▶ _YOUR TASK_
Show every line in the material below in which the string "Large" appears.

▶ _TASK INPUT_
□ □ □ □
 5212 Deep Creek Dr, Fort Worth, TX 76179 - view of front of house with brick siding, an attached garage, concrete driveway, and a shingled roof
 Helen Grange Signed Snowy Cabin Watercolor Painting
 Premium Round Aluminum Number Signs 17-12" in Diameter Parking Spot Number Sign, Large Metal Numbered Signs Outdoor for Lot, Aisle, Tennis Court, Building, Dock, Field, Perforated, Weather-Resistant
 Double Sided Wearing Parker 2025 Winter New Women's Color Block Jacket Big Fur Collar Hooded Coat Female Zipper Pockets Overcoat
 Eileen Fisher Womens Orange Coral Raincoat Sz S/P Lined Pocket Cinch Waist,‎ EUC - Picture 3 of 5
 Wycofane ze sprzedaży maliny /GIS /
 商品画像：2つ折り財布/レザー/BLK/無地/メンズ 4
□ □ □ □
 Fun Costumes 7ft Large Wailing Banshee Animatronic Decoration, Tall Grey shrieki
□ □ □ □
▶ _EXERCISE ANSWER_
 Premium Round Aluminum Number Signs 17-12" in Diameter Parking Spot Number Sign, Large Metal Numbered Signs Outdoor for Lot, Aisle, Tennis Court, Building, Dock, Field, Perforated, Weather-Resistant
 Fun Costumes 7ft Large Wailing Banshee Animatronic Decoration, Tall Grey shrieki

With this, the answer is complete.